The linear quantization operator. It consumes a full precision data, a scale, a zero point to compute the low precision / quantized tensor. The quantization formula is y = saturate ((x / y_scale) + y_zero_point). For saturation, it saturates to [0, 255] if it’s uint8, [-128, 127] if it’s int8, [0, 65,535] if it’s uint16, and [-32,768, 32,767] if it’s int16. For (x / y_scale), it’s rounding to nearest ties to even. Refer to https://en.wikipedia.org/wiki/Rounding for details. Scale and zero point must have same shape. They must be either scalar (per tensor) or 1-D tensor (per ‘axis’).

 

 

Input parameters

 

specified_outputs_namearray, this parameter lets you manually assign custom names to the output tensors of a node.
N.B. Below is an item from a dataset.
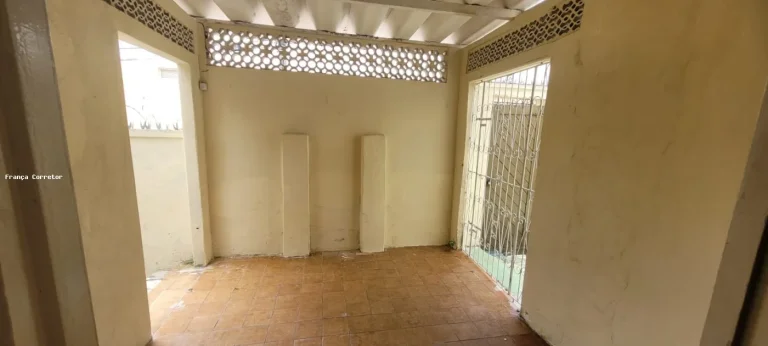 Imagem Casa para Venda em Natal, Barro Vermelho, 6 dormitórios, 1 suíte, 2 banheiros, 6 vagas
 Graphs in : cluster, ONNX model architecture.

x (heterogeneous) – T1 : object, N-D full precision Input tensor to be quantized.
y_scale (heterogeneous) – T1 : object, scale for doing quantization to get ‘y’. It can be a scalar, which means per-tensor/layer quantization, or a 1-D tensor for per-axis quantization.
y_zero_point (optional, heterogeneous) – T2 : object, zero point for doing quantization to get ‘y’. Shape must match y_scale. Default is uint8 with zero point of 0 if it’s not specified.

 Parameters : cluster,

axis : integer, the axis along which same quantization parameters are applied. It’s optional.If it’s not specified, it means per-tensor quantization and input ‘x_scale’ and ‘x_zero_point’ must be scalars.If it’s specified, it means per ‘axis’ quantization and input ‘x_scale’ and ‘x_zero_point’ must be 1-D tensors.
Default value “0”.
saturate : boolean, the parameter defines how the conversion behaves if an input value is out of range of the destination type. It only applies for float 8 quantization (float8e4m3fn, float8e4m3fnuz, float8e5m2, float8e5m2fnuz). It is true by default. All cases are fully described in two tables inserted in the operator description.
Default value “True”.
 training? : boolean, whether the layer is in training mode (can store data for backward).
Default value “True”.
 lda coeff : float, defines the coefficient by which the loss derivative will be multiplied before being sent to the previous layer (since during the backward run we go backwards).
Default value “1”.

 name (optional) : string, name of the node.

Output parameters

 

y (heterogeneous) – T2 : object, N-D quantized output tensor. It has same shape as input ‘x’.

Type Constraints

T1 in (tensor(float16)tensor(float)) : Constrain ‘x’, ‘y_scale’ to float tensors.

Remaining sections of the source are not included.